The following year A-fa was baptised and thus began his career of writing, exhorting and preaching which only ended with his death at Honam, a Canton suburb, in 1855.
About the year 1828, he opened a school in his home district. Associated with him and probably bearing most of the teaching duties was one of his recent converts, the schoolmaster Kwu Tin-ching. This school was the first organised by a Chinese Protestant Christian in China. It was, however, not a success.
Parents did not wish their sons to be associated with teachers who had acquired strange ideas from foreigners. The school was soon closed. It was charged that it taught foreign ideas and its purpose was to undermine Chinese tradition so that the foreign powers might more easily impose their will on China.

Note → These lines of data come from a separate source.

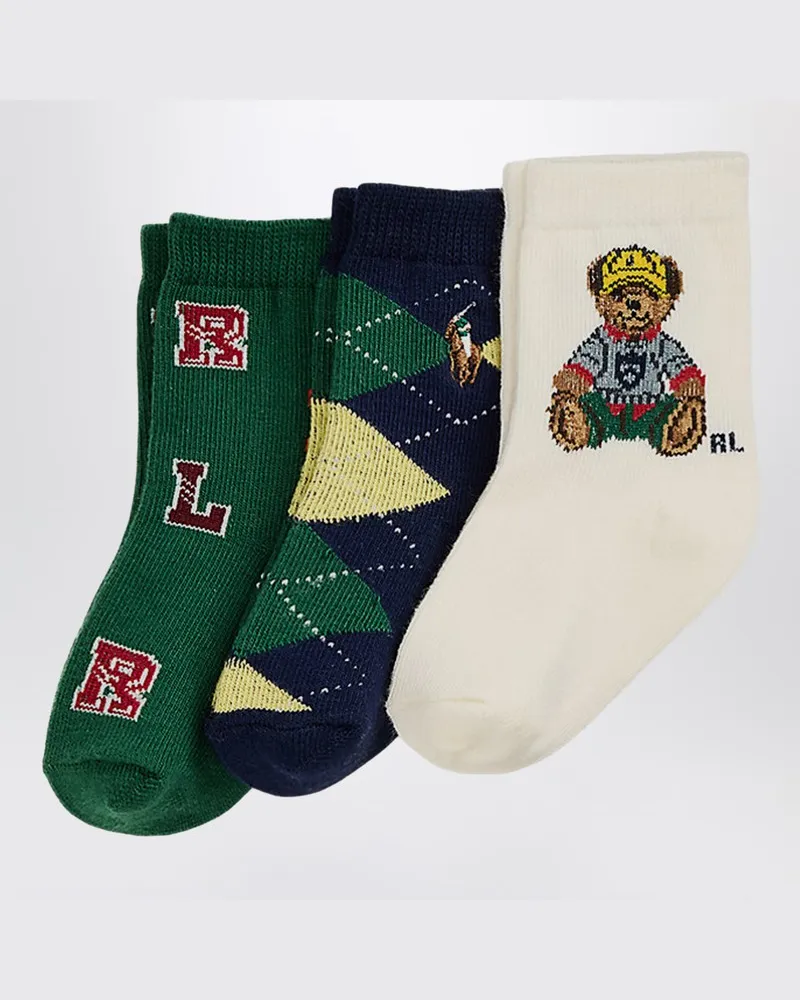 Ralph Lauren Dreierpack Polo Bear Socken Mehrfarbig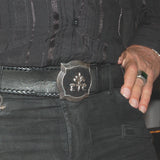 Silver Belt Buckle Caree E C LILY  on Searay Leather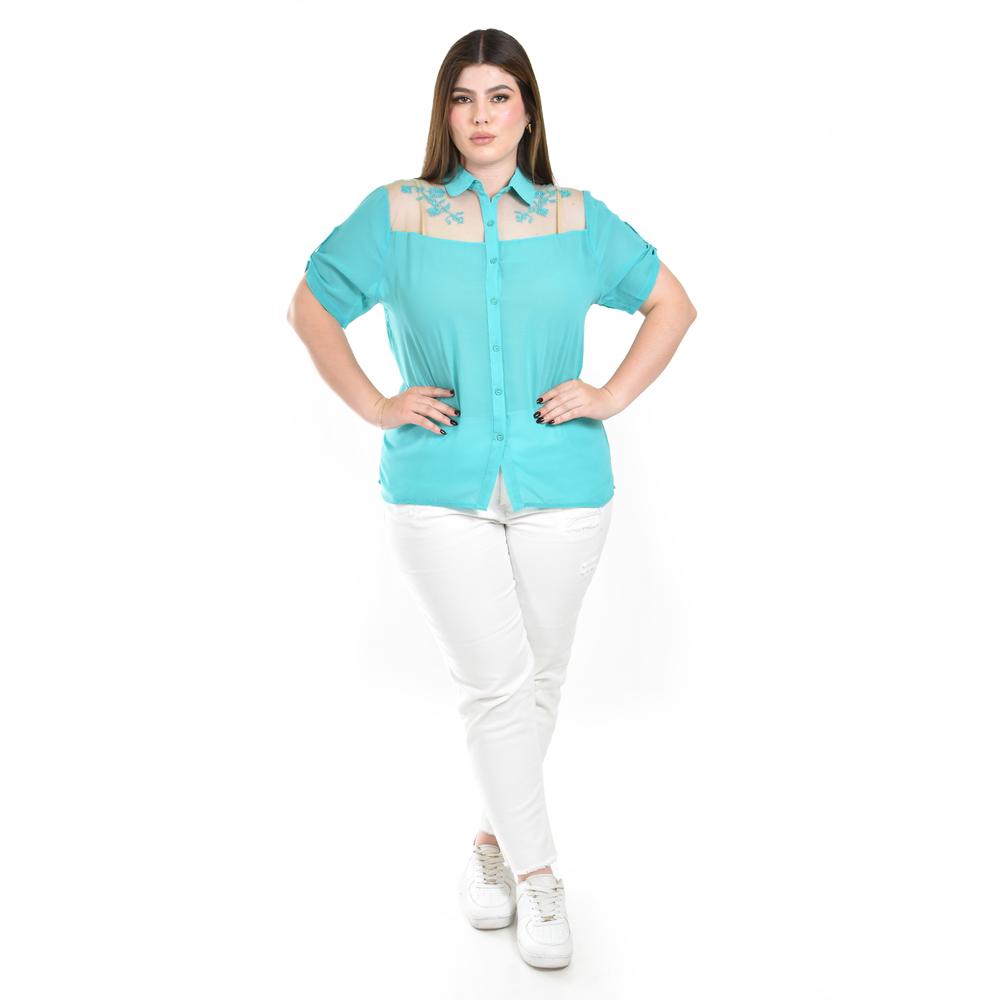 Foto 5 pulgar | Blusa Con Trasparencias Y Bordado Roman Fashion /tallas Extras, 8039 (menta) Verde Claro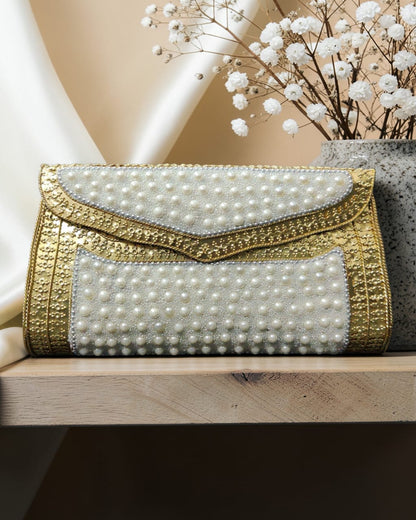 Elegant Pearl Embellished Gold Clutch Bag for Weddings & Evening Parties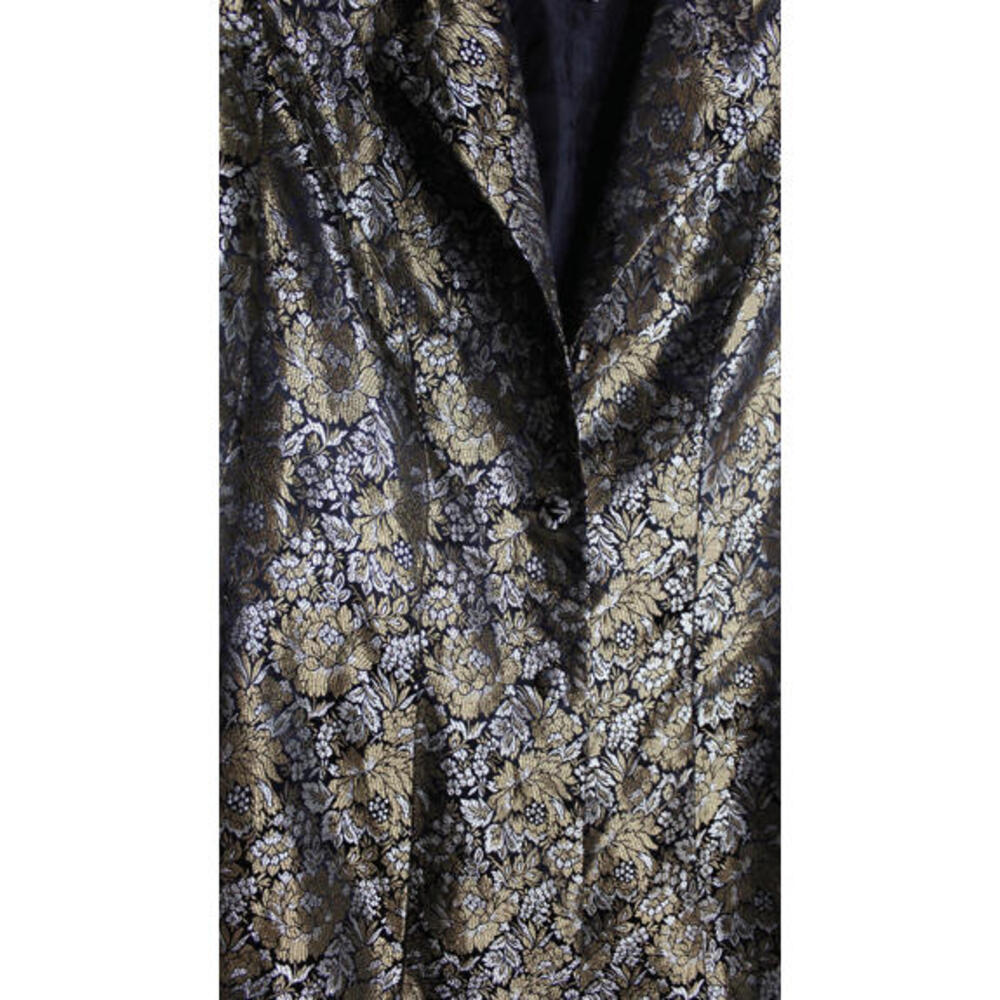 Metallic Satin Brocade Floral Blazer - 10 - Picture 3 of 5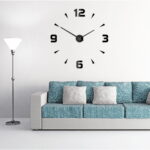 Czarny zegar ścienny Shot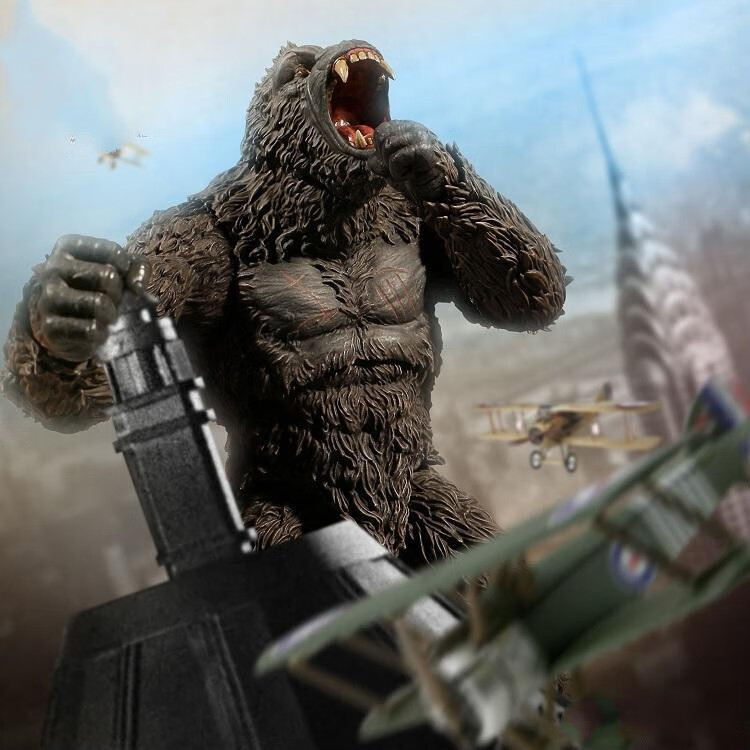 哥斯拉大战金刚shm三头龙可动模型盒装动漫机械王者玩具金刚战斧61cm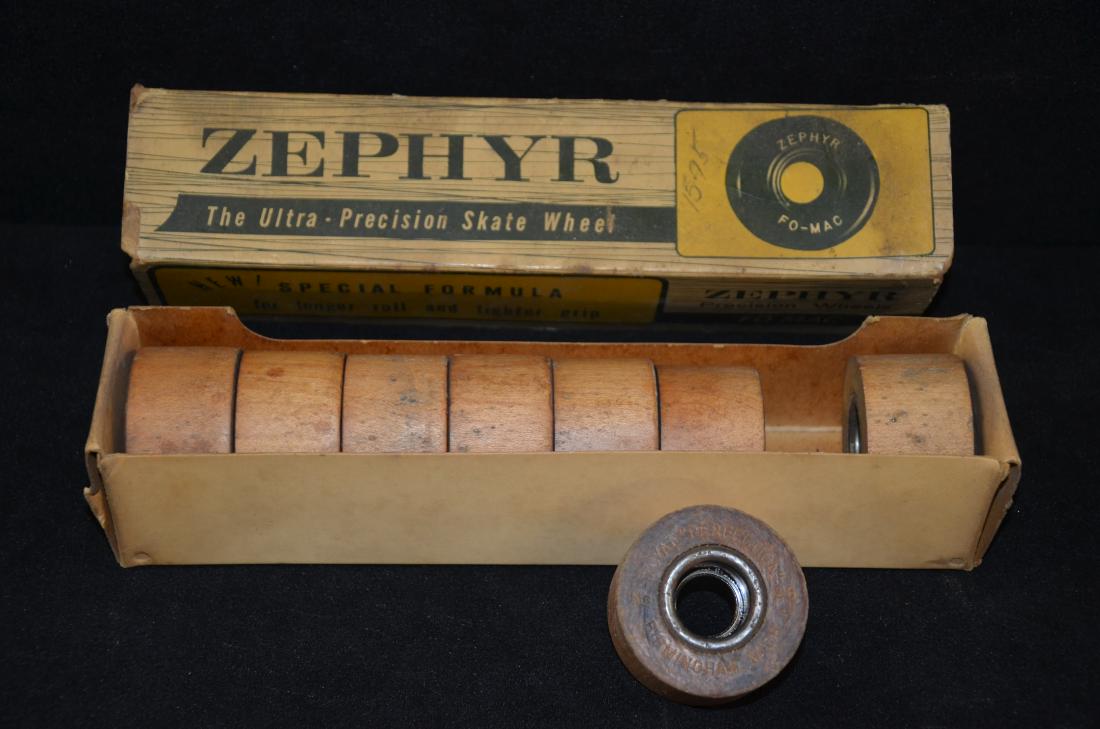 Vintage Zephyr Wooden Skate Wheels: Up for auction is a box of original Zephyr wooden roller skate wheels that are still in the original box. These wheels have never been used.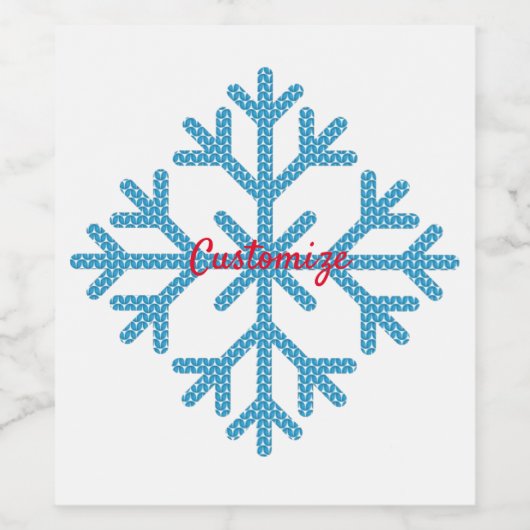 Icy Blue Snowflake Thunder_Cove Weinetikett (Einzelnes Label)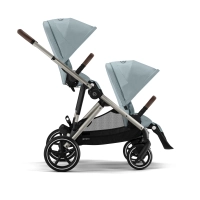 Poussette Double Cybex Gazelle S2 TPE - Stormy Blue + 2 Coques Auto Cloud G i-Size - Stormy Blue (Plus)
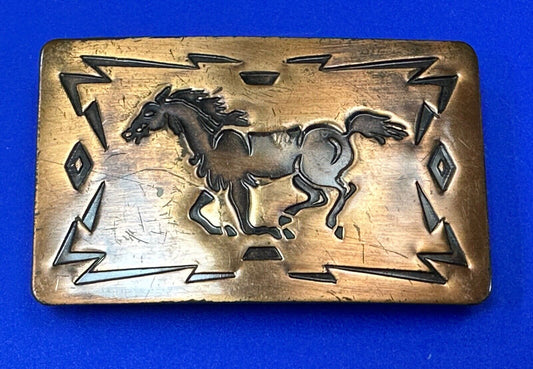 Vintage Chambers Copper Horse Belt Buckle Made in U.S.A.￼ Rare see pictures!
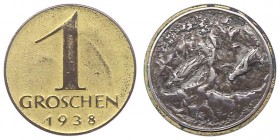 1 Groschen, 1938
1. Republik 1918 - 1933 - 1938. Avers vergoldet, Revers Madonna. Wien
Her. 90
vz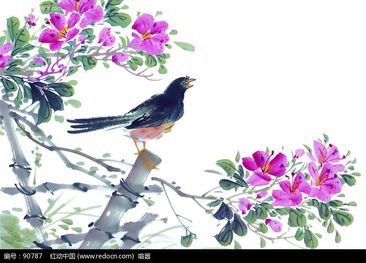 花丛上的小鸟图片免费下载 红动网 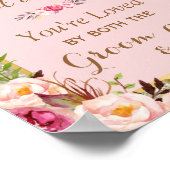 サイド以外のシートを選択 |金ゴールドグリッターピンクフローラ ポスター (角)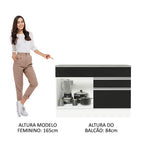 Gabinete Bajo 120 cm 1 Puerta 2 Cajones Blanco/Negro Glamy Madesa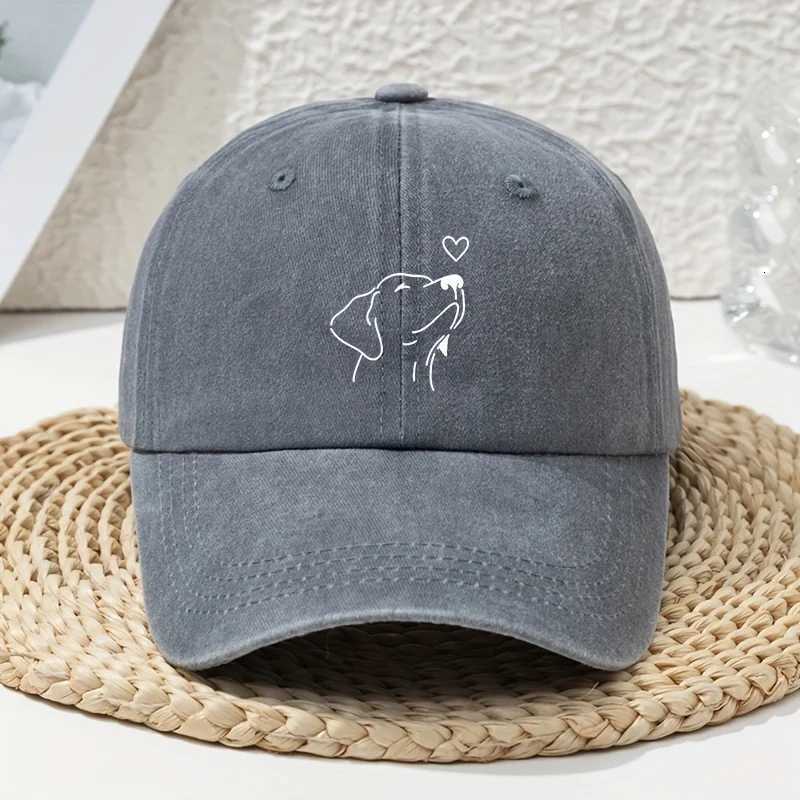 White line dog print womens baseball cap versatile for spring and summer retro soft top baseball cap dad hat vintage S260306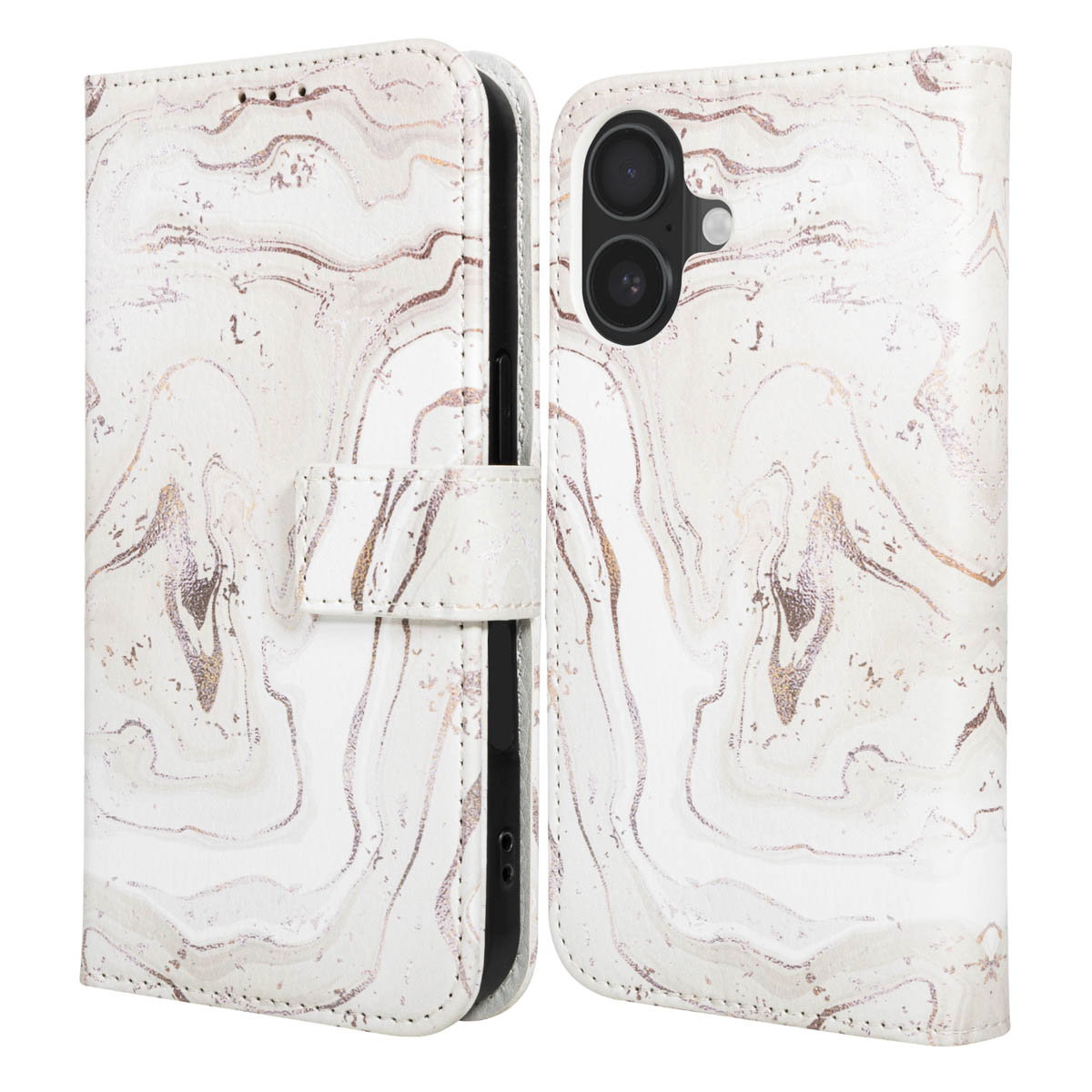 Een witte telefoonhoes met marmerpatroon, open. Het heeft een magnetische sluiting en een zwarte telefoonhouder. De hoes is open.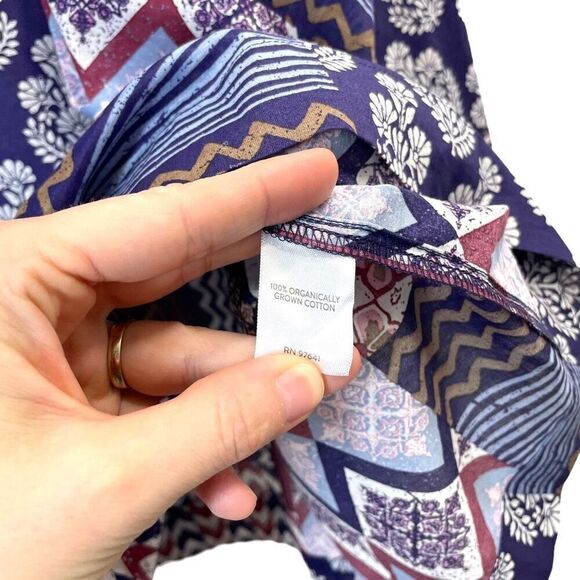 J. Jill boxy patchwork print organic cotton top blouse Size L boho lagenlook flo - Picture 8 of 8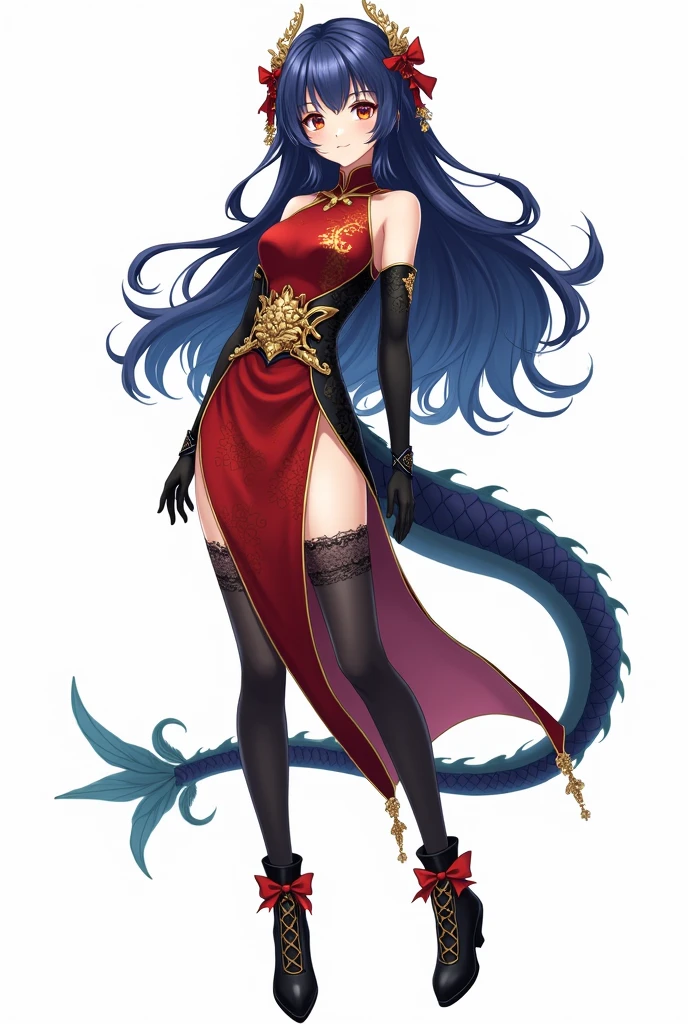 Cute Dragon Girl, Cat-like pupils, Cool look, Well-proportioned body、A little glamour、Beautiful breasts、Full Body Shot, Beautiful legs、Fascinating, Portrait Quality, 8K resolution, Rich details, Small round face, Maid, face with cupped hands, ,Represents medium , Fair skin, Mood Lighting, Wear a thin transparent cloth, Aperture F/1.2, Beautiful light background, nude, \]White mood,Large piercings on the nipples、beautiful shining black hair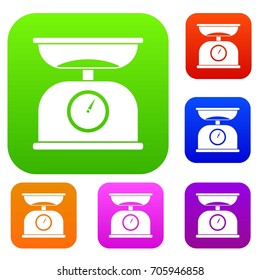 Kitchen scales set icon in different colors isolated vector illustration. Premium collection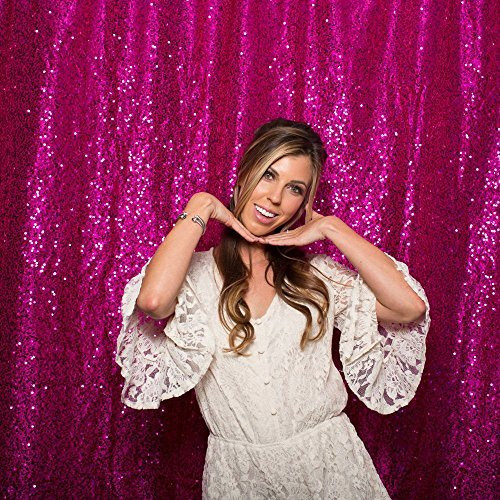 HOT PINK Sequin Taffeta Fabric Photography Backdrop, Sequin Photo Booth Backdrop, Sequin Drape - MADE IN USA - Select from 3 Sizes. (5ft x 9ft)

One of the results of this educational venture was a small catechism he wrote to be used in the school. It was another of A-fa's books, however, that proved to be an important factor in influencing the course of Chinese history.
In 1843 Liang A-fa and a helper distributed thousands of tracts to the candidates for the official literary examination being held at Canton. One of the candidates was Hung Hsiu-chuan, the future leader of the Taiping Rebellion which almost succeeded in unseating the Manchu dynasty in the middle years of the nineteenth century. Hung paid no attention to the pamphlet he had received, as an examinee he had more weighty cares on his mind. He took it home after the examination, put it in a cupboard and forgot about it.
Some years later after another unsuccessful try at the examination, Hung experienced strange dreams and visions. One day a relative called his attention to Liang A-fa's book.